Le 23 mars 2018, un attentat survient au Super U de Trèbes, près de Carcassonne (Aude). Un gendarme, le colonel Beltrame, deux retraités et un boucher décèdent. Le groupe État islamique revendiquera cette attaque. Le 12 mai, un homme armé d’un couteau de cuisine attaque des passants dans le quartier de l’Opéra à Paris. L’individu, Français né en Tchétchénie, tue une personne et en blesse quatre autres. Encore une fois, l'EI revendique l’attaque. Le 11 décembre de la même année, le marché de Noël de Strasbourg est visé. Le tireur Cherif Chekatt abat cinq personnes, 11 autres sont blessées. Il est abattu par la police après 48h de cavale. Dans une vidéo retrouvée plus tard sur une clé USB, il avait prêté allégeance au groupe État islamique.

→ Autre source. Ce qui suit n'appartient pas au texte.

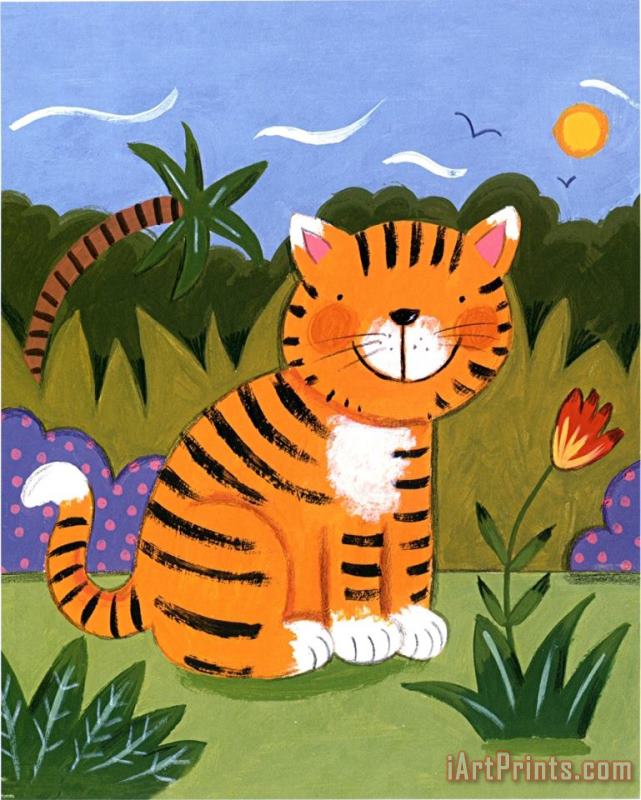 Sophie Harding Baby Tiger Art Print
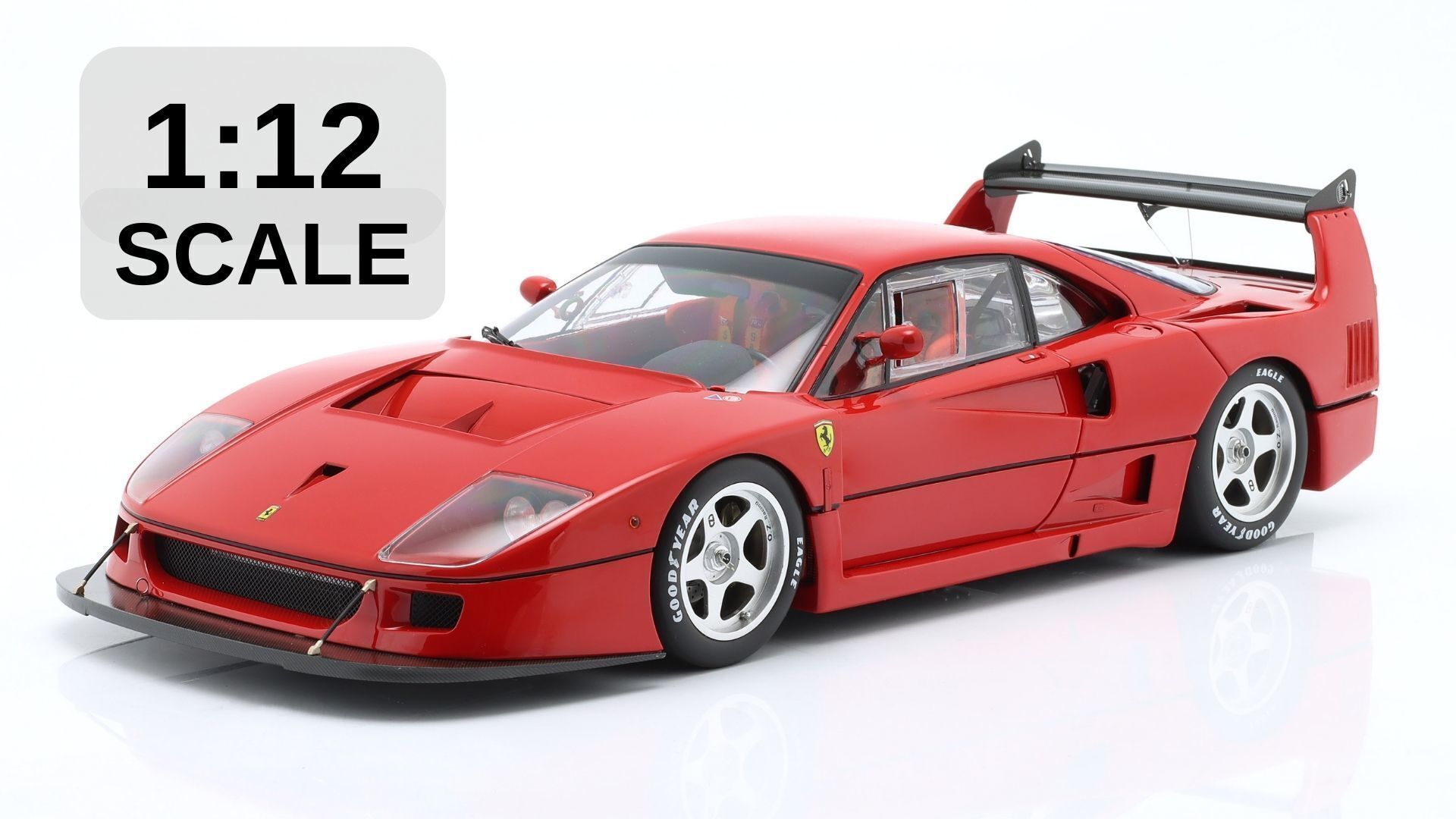 1/12 KYOSHO - FERRARI - F40 COMPETIZIONE 1989 - 08602CR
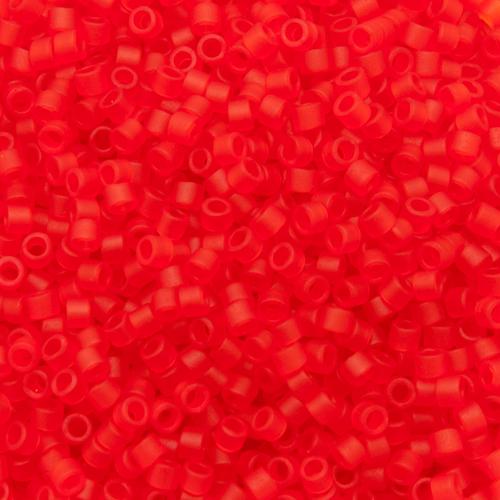 miyuki delica 11/0 - matte transparent light red | 8gr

Un terrorisme individuel et religieux

Le 3 octobre 2019, c’est la préfecture de police de Paris qui est le théâtre d'un nouvel attentat. Trois policiers et un agent administratif sont assassinés par un employé́ radicalisé qui occupait la fonction d’adjoint administratif à̀ la Direction du renseignement de la préfecture de police de Paris (DRPP). Aucune revendication n’intervient.

© Studio graphique FMM

Le 25 septembre 2020, une attaque à l’arme blanche a lieu à proximité des anciens locaux de Charlie Hebdo, rue Nicolas Appert dans le XIe arrondissement de Paris. Les deux blessés sont un homme et une femme, employés d’une agence de presse. L’assaillant, d’origine pakistanaise, a déclaré avoir agi en représailles à la republication des caricatures du prophète. Le 16 octobre 2020, Samuel Paty, enseignant, est décapité à Conflans-Sainte-Honorine (Yvelines). Son assassin, un Tchétchène de 18 ans, revendique son geste dans un message audio en russe où il dit avoir « vengé le prophète » Mahomet. Il reproche en effet au professeur d’histoire-géographie de l'avoir « montré de manière insultante ». « Frères, priez pour qu’Allah m’accepte en martyr » dit-il. Aucun mouvement jihadiste n’a revendiqué cette attaque. Le 29 octobre suivant, un Tunisien de 21 ans tue trois personnes à l’arme blanche dans la Basilique Notre-Dame de Nice. Le plan Vigipirate est relevé au niveau « urgence attentat » sur l’ensemble du territoire français.

Le 23 avril 2021, une policière meurt à Rambouillet sous les coups de couteau d’un Tunisien de 36 ans, radicalisé.